In the recent past I’ve spoken with several different teams who desire to “solve their data problems”. Most teams have a vague sense that there is probably a better way for them to manage their data, and they hear a lot of different solutions thrown at them. Maybe some of you are reading this now!
Here’s my attempt to distill the most frequent problems you might encounter and my understanding of the solutions that you could consider.
Data Lake
Problems Solved:
- My data is scattered amongst several different locations. (Salesforce, Marketo, Stripe, Google Analytics, an application database, mobile backend, spreadsheets, etc.)
A data lake is a database that solves this single problem. It contains copies of all the data from various areas in your business in one database. It maintains the original format of the data. You can write SQL against this data lake and get your data out.

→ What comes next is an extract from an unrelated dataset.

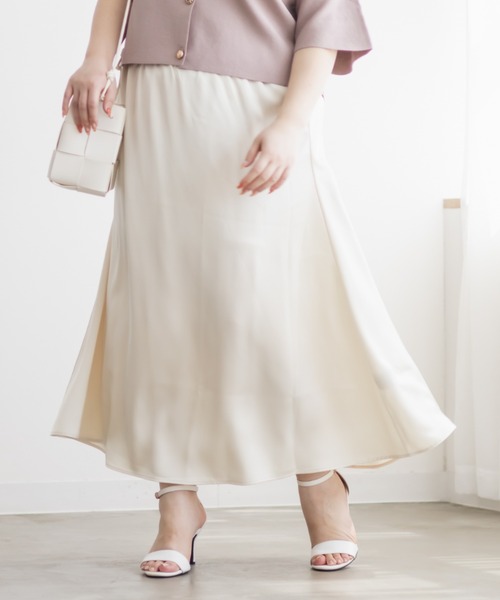 CLETTE（クレット）の「3WAYサテン＆レーススカート（スカート・レディース・ブラウン/ブラック/アイボリー・4L/3L/LL）」の19枚目の写真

Note that in order to query a data lake, you must understand the structure of each of the data sources, since they’re copied directly into the data lake. And obviously you’ll need to know SQL (or have an engineering team that can craft the SQL for you, or assist you in crafting your SQL).
Data lakes are (typically) not hugely costly to build. It’s simply a matter of copying data from point A to point B.
You’ll (typically) use a SQL runner of some kind to get data out of your data lake. This is a tool that lets you input SQL, run the query, and see the results. Most teams I know that take this route end up dumping the results of their queries into CSV and using Excel or Google Sheets to perform deeper analysis, build pivot tables, construct visualizations for decks, build dashboards for monitoring, etc.
(I must also say that I rarely hear someone speak the work “data lake” in real life. This is simply a quasi-official word in the world of data engineering that has this very specific meaning.)
Data Warehouse
Problems Solved:
- My data is scattered amongst several different locations. (Salesforce, Marketo, Stripe, Google Analytics, an application database, mobile backend, spreadsheets, etc.)
- My data is stored in different formats (CSV, XML, JSON, etc)
- My team doesn’t have the time / appetite to learn SQL in order to get their jobs done on a daily basis
- My team must understand the implementation model of our application to do their jobs
- I often see data that “isn’t quite right”. It’s inaccurate, or missing specific data, or mislabeled, etc.
- My VP of Marketing is learning confusing engineering jargon to figure out what her or his data report means
- Members of different teams at my company us different words to refer to the same business entity (“users”, “members”, “clients”, for example)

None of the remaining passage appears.